The Perfect Alibi
PublisherMoonstone Press
Date Published01 May 2019
Price£ 8.99

The Perfect Alibi

by Christopher St John Sprigg

Industrialist Anthony Mullins is found dead after a fire in a locked garage. All principal suspects have alibis, but all, including the victim, have something to hide.


Christopher St John Sprigg was a witty and prolific writer who published seven crime novels in just four years between 1933 and his death in 1937. He also produced six more non-fiction books of poetry, politics, plays, short stories, ghost and aeronautics textbooks as Christopher Caudwell, most of which were published after his death.

At the end of 1936, he left for Spain and became a machine gun instructor and editor of the Battalion Wall newspaper for the International Brigade. He was killed on his first day of action during in the battle of Jarama Valley in February 1937, last seen firing a machine gun to cover the retreat of his section.

What this remarkable man could have been is anybody’s guess. But the four crime novels featuring journalist sleuth Charles Venables are minor masterpieces of slightly subversive Golden Age detection. Although The Perfect Alibi is perhaps the least satisfying of them, it certainly has the most interesting and complex plot.

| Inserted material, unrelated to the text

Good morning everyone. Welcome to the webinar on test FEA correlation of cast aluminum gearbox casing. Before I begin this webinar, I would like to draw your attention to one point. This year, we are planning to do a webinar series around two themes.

Wealthy industrialist Anthony Mullins is found dead after a fire in a locked garage. An autopsy reveals a bullet wound to his head, but when no gun is found, a murder investigation begins.

There are plenty of people with reasons to kill a peculiarly unpleasant man, but all the principal suspects have impeccable alibis – and all, including the victim, have something to hide!

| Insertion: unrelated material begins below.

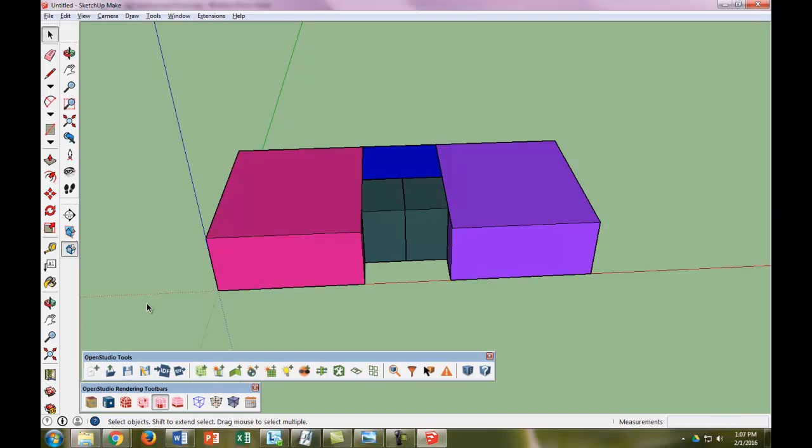So that's it for this video. Next video, we'll start defining more things about our spaces.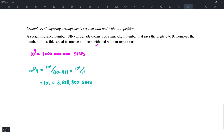That's it for today. We looked at the permutation formula n factorial over (n minus r) factorial, and examined different scenarios: cases as in example 3, conditions as in example 4, and arrangements with and without repetition as in example 5. Thank you for listening.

The complicated plot involves a locked room mystery, unbreakable alibis, and two romantic sub-plots. But after a positive surfeit of sleuths, both professional and amateur, fail, Venables, by now covering events in a far-off East European country, offers an inspired idea about the only possible explanation.

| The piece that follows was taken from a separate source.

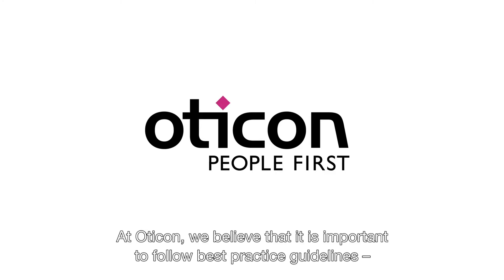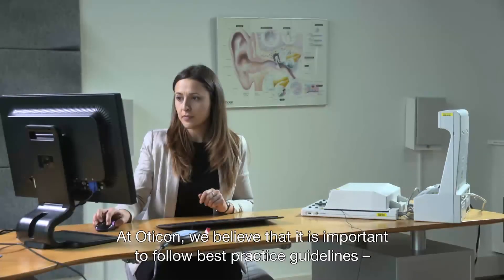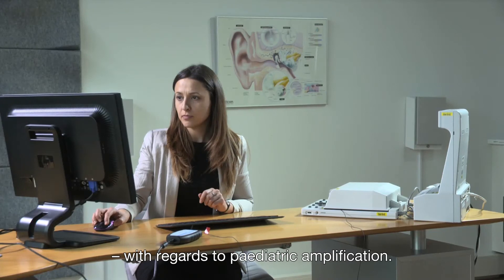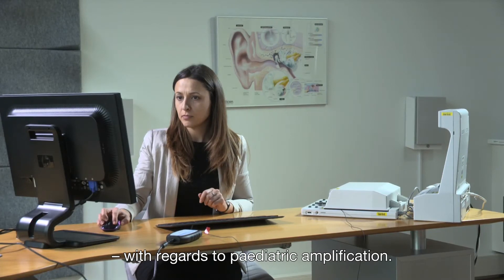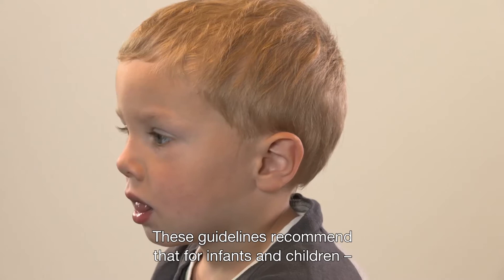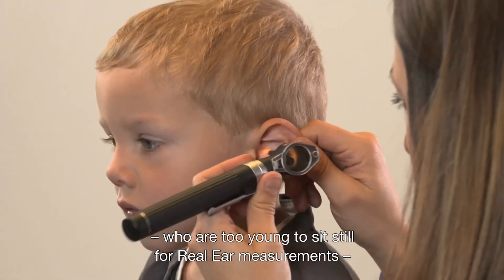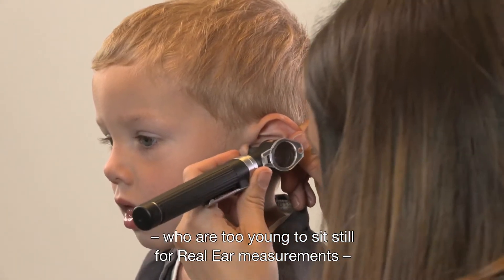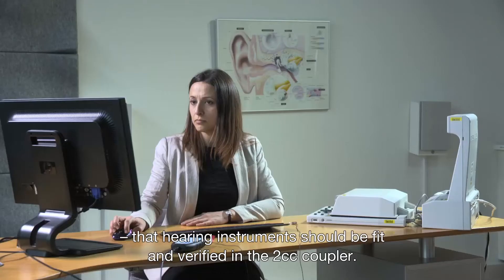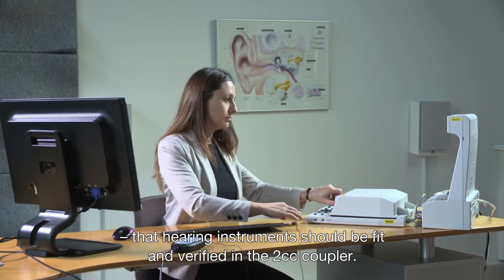At Oticon, we believe that it's important to follow best practice guidelines with regards to pediatric amplification. These guidelines recommend that for infants and children who are too young to sit still for real ear measurements, that hearing instruments should be fit and verified in the 2cc coupler.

The book has got some real weaknesses. The Chesterton-style pastiche that is Venables’ version of the contretemps between Patricia Mullins and the artist Filson does not fit the tone of the book. And the idea that one of the suspects could be incommunicado for months without anyone asking where he was or making serious and competent inquiries, seems unlikely. The widow Mullins too seems rather ill-served by being shoved into a happy ever after role with Venables’ college friend and well-bred police constable Laurence Sadler.

Sprigg makes a fair attempt at papering over the cracks. But some readers will regard his frolicsome treatment of the conventions of the genre as flippant, although his writing has such thorough-going enjoyment and barbed humour it is impossible not to be swept along – even if his distaste for the class from which he came and disliked so much is evident at every turn.